Ray (a wonderful man who would drop dead over the breakfast table six years later, ending my divorced mother’s one shot at happiness) was in a big hurry to meet up with my mother in Denver for their honeymoon. “You guys will be fine,” he said, not looking back. “Fine” was one way of putting it. I stayed in cheap accommodations in downtown Boston for two days, then hiked up my courage and took myself out to the campus of my new home: Brandeis University, where I would become a member of the 10th graduating class. Waltham is out west, near the Route 128 ring road that would become an early northeast tech corridor.
I took the trolley, the T, from downtown Boston to Watertown, transferred to a bus. And then I think there was another transfer to the bus that went by campus. By myself, petrified and fearful, knowing no one. The trunk, carefully packed by my mother, had been shipped weeks ago. I was carrying a suitcase. Four years later, I would have confidently told you I was schlepping a suitcase. At the time, I didn’t know from schlepping. I was, truly, a goy, a very whitebread non-affiliated Christian, coming from California with a trunk full of clothes that included a couple of my favorite Hawaiian shirts. Rayon. With pineapples.
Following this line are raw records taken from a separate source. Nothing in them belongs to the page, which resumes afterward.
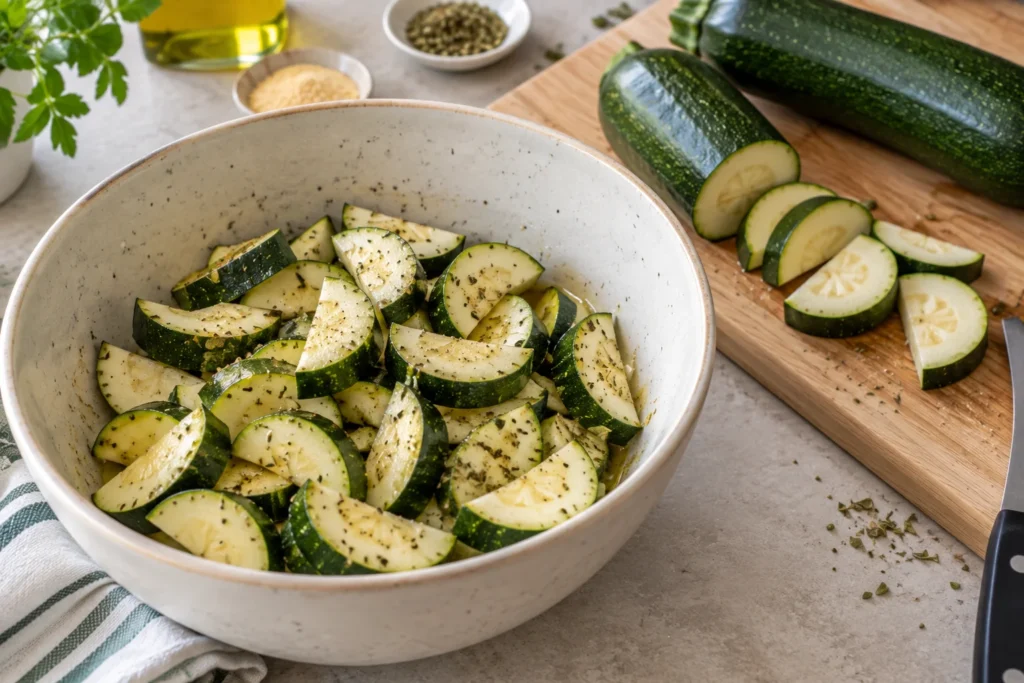 Medias lunas de calabacín con aceite de oliva, ajo y orégano antes de cocinar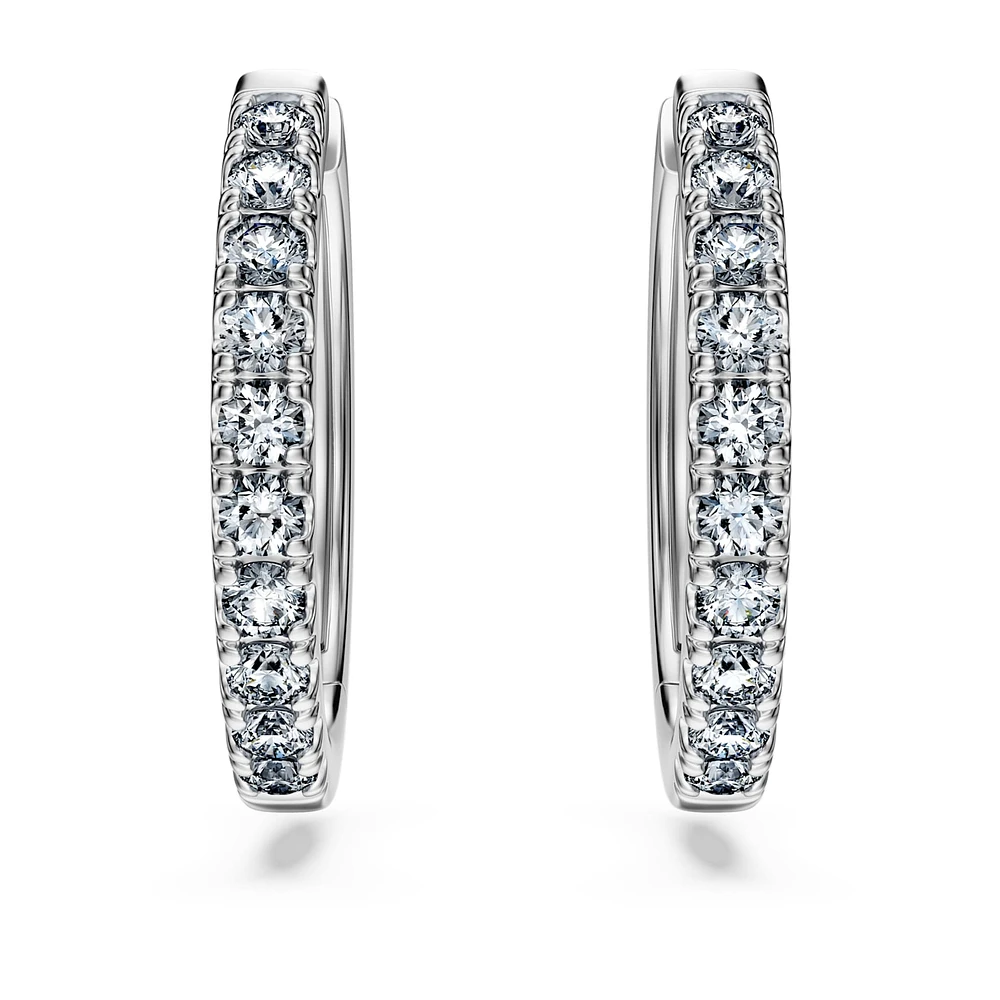 Eternity hoop earrings, Lab-grown diamonds 0.5 ct tw, Round shape, Large, 14K white gold by SWAROVSKI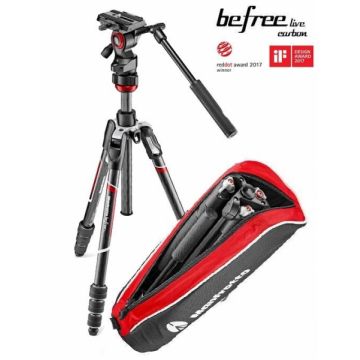 Manfrotto Befree Live Kit Trepied Video Carbon Twist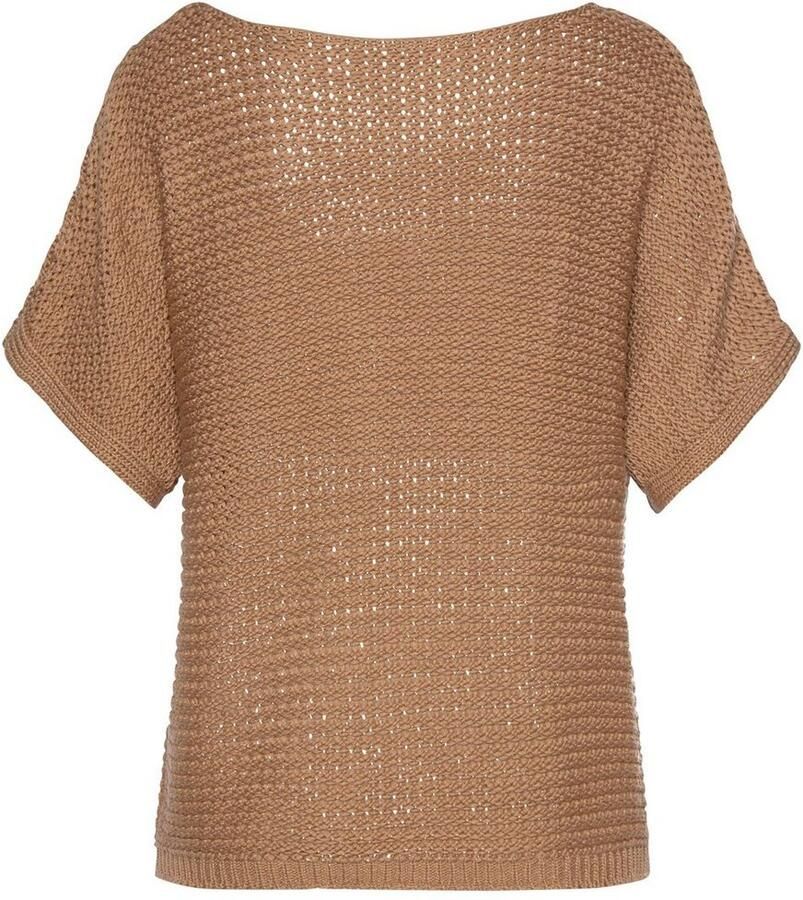 Lascana Trui met korte mouwen in luchtige ajour gebreide stof gebreide trui zomers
Some years later my then roommate would tell me he was horrified by the shirts and only decided not to ask for a transfer because I was a music major and he was a musician.
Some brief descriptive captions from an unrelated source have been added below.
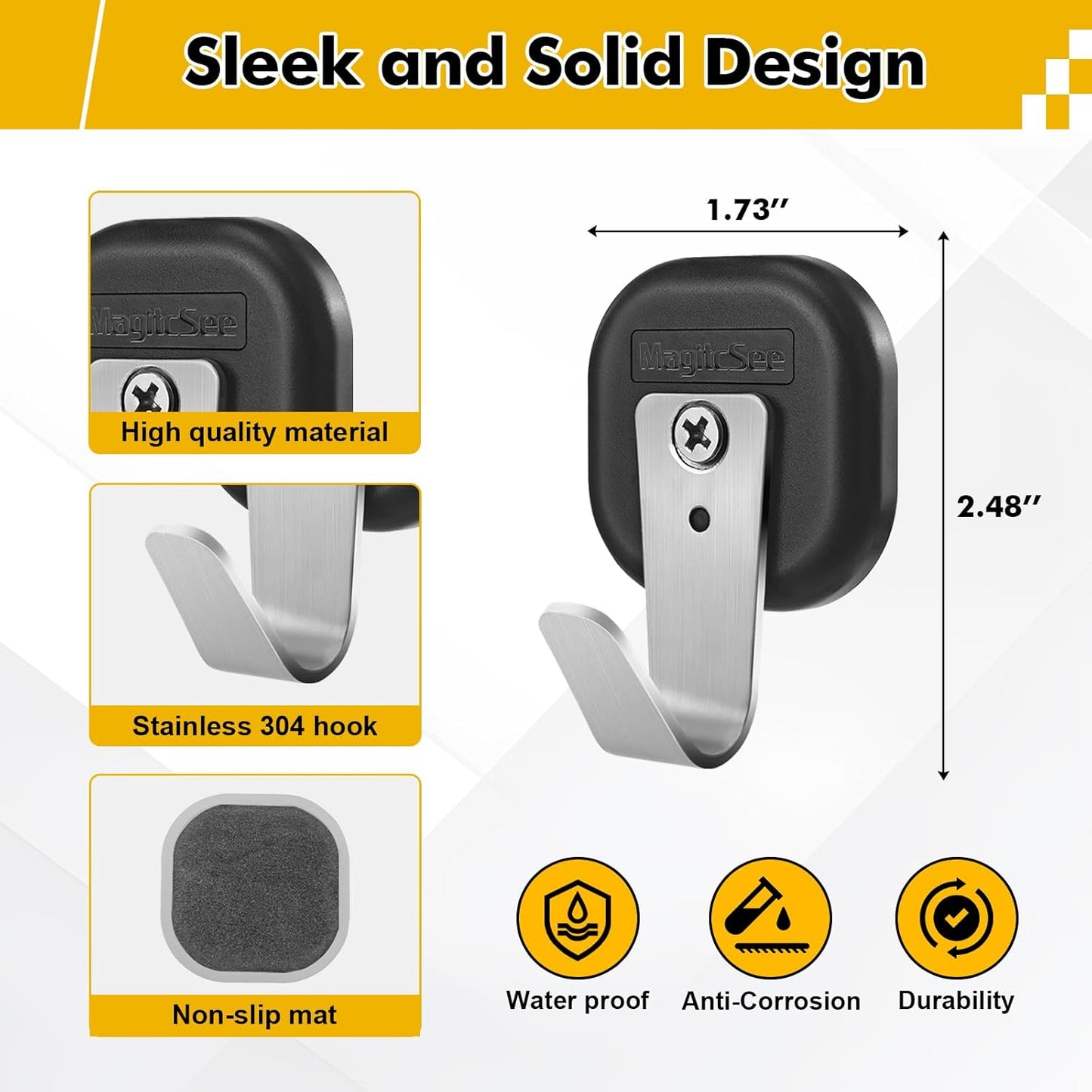 Upgraded Heavy Duty Magnetic Hook, Powerful Magnet Versalite Indoor and Outdoor Tool Towel Brooms Coat Hanger for Cruise Garage RV Workshop Tool Box, Magnet Organize Stainless 304 Hooks, 2 Pack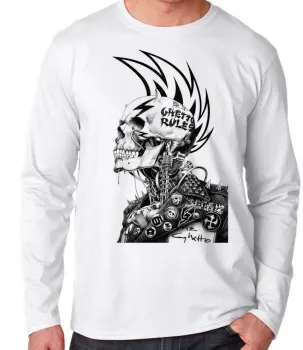 Camiseta manga longa Infantil ou Adulto Caveira guetto rules regras punk - Foto 2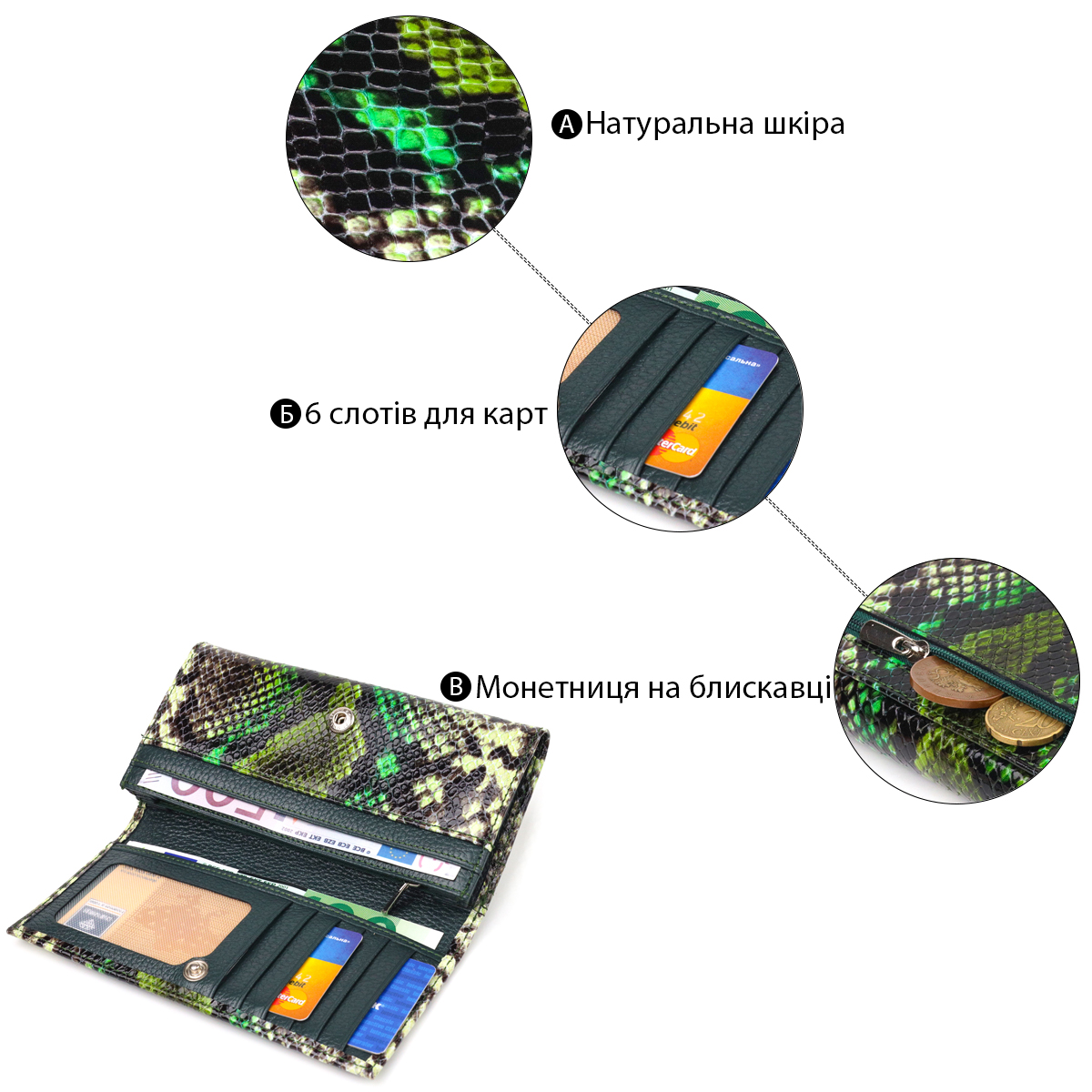 Гарний горизонтальний жіночий гаманець з натуральної шкіри з тисненням під змію CANPELLINI Різнокольоровий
I trudged with my suitcase up a steep hill to my new dorm, called the Castle. Because it looked like a castle. The Brandeis campus had grown up on the site of the former Middlesex Medical College. I think our cafeteria might have been the site of the former anatomy lecture hall. When I huffed into the quad, the Big Deal Sophomores were telling the newbies and their families where to go. I was a music major. I was supposed to room with a sophomore music major, but he had re-arranged things and was rooming with a friend. I was posted to another room with a freshmen, Eugene Turitz (The BDS’s said: “He’s not a music major, but he went to Music and Art.” And I think, Uh, okay. What’s music and art? It is, as anyone from New York City would know because they breathe the air there, one of the prestigious special schools, right up there with Fame’s High School of Performing Arts). At that moment I heard a fellow newbie say to someone he’s just met: “I’m pre-med. I’m going to be a doctor.” More terror. I had no idea what I wanted to be, no notion of a future road. And I was (and still am) totally in awe of anyone who had set a goal and determined a path to get there.
I decided I’d try to wait for a while before I threw up.